Extracted data below:
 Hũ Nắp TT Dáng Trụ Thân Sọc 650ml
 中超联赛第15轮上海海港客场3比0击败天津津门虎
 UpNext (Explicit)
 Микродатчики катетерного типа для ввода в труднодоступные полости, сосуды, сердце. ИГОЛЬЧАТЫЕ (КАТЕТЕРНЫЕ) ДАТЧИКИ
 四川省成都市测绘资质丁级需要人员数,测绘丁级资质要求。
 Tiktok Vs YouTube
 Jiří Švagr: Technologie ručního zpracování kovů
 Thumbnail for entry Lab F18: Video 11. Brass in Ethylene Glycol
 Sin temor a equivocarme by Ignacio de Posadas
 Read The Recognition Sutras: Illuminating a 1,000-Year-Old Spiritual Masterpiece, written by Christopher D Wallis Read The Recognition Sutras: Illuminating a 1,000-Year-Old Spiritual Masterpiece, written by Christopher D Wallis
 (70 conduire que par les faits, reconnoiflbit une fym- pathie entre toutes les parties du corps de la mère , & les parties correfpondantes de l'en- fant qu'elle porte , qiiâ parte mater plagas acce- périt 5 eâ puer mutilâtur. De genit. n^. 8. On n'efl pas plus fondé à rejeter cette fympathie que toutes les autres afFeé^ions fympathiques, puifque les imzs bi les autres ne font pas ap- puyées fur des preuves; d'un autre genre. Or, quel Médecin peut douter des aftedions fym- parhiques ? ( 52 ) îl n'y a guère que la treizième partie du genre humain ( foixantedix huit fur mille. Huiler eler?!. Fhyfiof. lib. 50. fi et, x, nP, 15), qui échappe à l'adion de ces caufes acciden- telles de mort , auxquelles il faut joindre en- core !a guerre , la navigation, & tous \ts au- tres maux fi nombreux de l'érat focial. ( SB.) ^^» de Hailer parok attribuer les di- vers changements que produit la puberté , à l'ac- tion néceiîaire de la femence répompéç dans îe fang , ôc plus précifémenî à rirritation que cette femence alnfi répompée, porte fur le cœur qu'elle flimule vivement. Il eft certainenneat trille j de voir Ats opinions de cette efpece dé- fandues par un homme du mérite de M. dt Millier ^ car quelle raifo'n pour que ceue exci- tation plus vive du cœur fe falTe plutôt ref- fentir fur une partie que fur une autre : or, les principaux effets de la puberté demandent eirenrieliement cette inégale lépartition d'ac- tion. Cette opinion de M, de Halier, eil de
End of Extracted data.
From the records above, reproduce exactly the lines from the one with "Микродатчики катетерного типа" to the one with "D Wallis Read", both included, and no others.

* Result of this task *
 Микродатчики катетерного типа для ввода в труднодоступные полости, сосуды, сердце. ИГОЛЬЧАТЫЕ (КАТЕТЕРНЫЕ) ДАТЧИКИ
 四川省成都市测绘资质丁级需要人员数,测绘丁级资质要求。
 Tiktok Vs YouTube
 Jiří Švagr: Technologie ručního zpracování kovů
 Thumbnail for entry Lab F18: Video 11. Brass in Ethylene Glycol
 Sin temor a equivocarme by Ignacio de Posadas
 Read The Recognition Sutras: Illuminating a 1,000-Year-Old Spiritual Masterpiece, written by Christopher D Wallis Read The Recognition Sutras: Illuminating a 1,000-Year-Old Spiritual Masterpiece, written by Christopher D Wallis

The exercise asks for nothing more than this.